Selon une annonce faite lundi par le service de sécurité du Shin Bet, un membre du Hamas libéré lors de l’échange de 2011 contre Gilad Shalit a été arrêté pour avoir abattu Baruch Mizrahi près de Hébron la veille de la Pâque.

Cette déclaration a été faite après que la consigne d’embargo ait été levée.

Le cabinet a ordonné la démolition de la maison du suspect, en attendant l’approbation de la Haute Cour de justice, a déclaré lundi un agent diplomatique. Son fils a également été arrêté, et les deux ont été inculpés lundi.

Ziad Awad et son fils Izz Eddin Hassan Ziad Awad ont été arrêtés le 7 mai par une unité d’élite antiterroriste de la police israélienne, en collaboration avec le service de sécurité du Shin Bet pour le meurtre du père de cinq enfants.

Awad senior est accusé d’avoir tiré, tandis que son fils l’aurait aidé à la planification et à la coordination de l’évasion.

Le jeune Awad, 18 ans, a remis la Kalachnikov utilisée pour tuer Mizrahi lors de l’interrogatoire, et a fourni des informations mettant en cause son père dans la fusillade, selon la déclaration du Shin Bet.

Les deux habitent le village palestinien d’Idhna.
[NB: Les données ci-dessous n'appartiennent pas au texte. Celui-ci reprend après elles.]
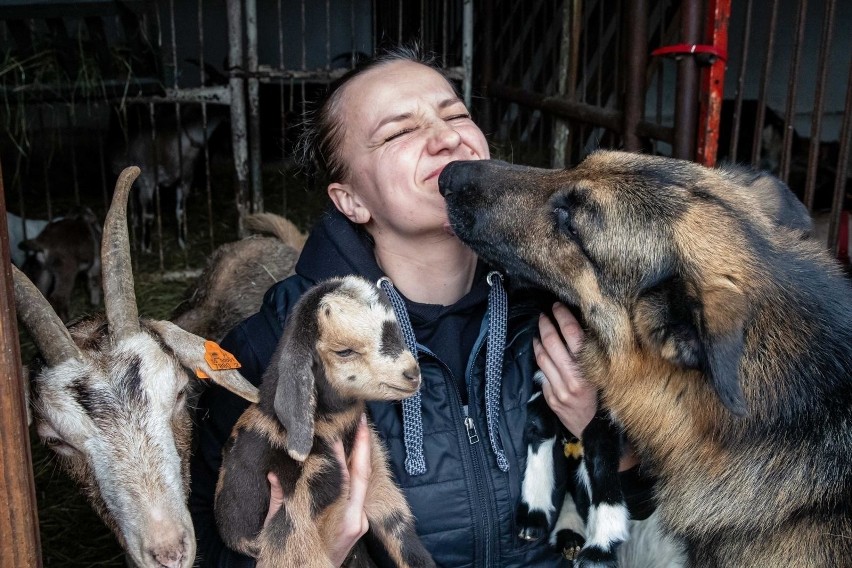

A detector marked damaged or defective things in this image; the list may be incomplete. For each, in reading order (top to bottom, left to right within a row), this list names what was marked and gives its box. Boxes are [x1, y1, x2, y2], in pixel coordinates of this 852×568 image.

Au cours de l’enquête, les villageois ont avoué que l’aîné Ziad Awad avait acheté la moto et la kalachnikov et exploré les environs, une semaine avant l’attaque. Il aurait agi étrangement immédiatement avant et après le meurtre.

La fusillade avait un motif religieux, a déclaré le Shin Bet, le père ayant expliqué à son fils que « selon l’Islam, celui qui tue un Juif va au ciel ».
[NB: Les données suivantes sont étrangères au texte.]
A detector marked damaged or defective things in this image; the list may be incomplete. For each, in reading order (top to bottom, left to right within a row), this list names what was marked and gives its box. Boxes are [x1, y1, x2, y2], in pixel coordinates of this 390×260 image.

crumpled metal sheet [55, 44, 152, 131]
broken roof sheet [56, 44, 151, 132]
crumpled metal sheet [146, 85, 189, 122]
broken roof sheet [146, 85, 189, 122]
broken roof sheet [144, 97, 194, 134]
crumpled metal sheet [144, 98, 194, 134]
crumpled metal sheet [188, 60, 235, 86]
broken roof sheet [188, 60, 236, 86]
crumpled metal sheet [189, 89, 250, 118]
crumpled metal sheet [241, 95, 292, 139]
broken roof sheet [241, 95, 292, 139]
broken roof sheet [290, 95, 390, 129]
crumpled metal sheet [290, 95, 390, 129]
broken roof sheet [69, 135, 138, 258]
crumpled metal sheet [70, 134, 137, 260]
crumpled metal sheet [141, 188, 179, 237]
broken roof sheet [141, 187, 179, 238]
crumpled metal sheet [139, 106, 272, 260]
Awad, qui a passé 12 ans dans une prison israélienne pour l’assassinat de collaborateurs palestiniens avec Israël, a été libéré en 2011 dans le cadre de l’échange de prisonniers contre Shalit avant la fin de sa peine.

L’officier de police Mizrahi a été tué alors qu’il allait à Hébron pour célébrer Pessah avec la famille de sa femme. Sa femme enceinte, Hadas, a été légèrement blessée dans l’attaque.

Hadas Mizrahi a raconté au site Ynet que, pendant le trajet, son mari avait vu le terroriste et s’était écrié : « Ils tirent, ils tirent, il y a un terroriste ». Après que son mari ait été touché, elle a pris le volant, s’est enfuie du lieu des tirs, et a alerté les autorités.

« J’ai recouvert mon sang avec un chiffon », a déclaré Hadas, qui a reçu deux balles et a eu une côte cassée.

« J’ai vu que Baruch était mort. Quand les soldats sont arrivés, je leur ai dit, ‘Bandez moi et mettez les enfants dans un véhicule blindé, pour qu’ils ne voient pas leur père couché [là] mort’ ».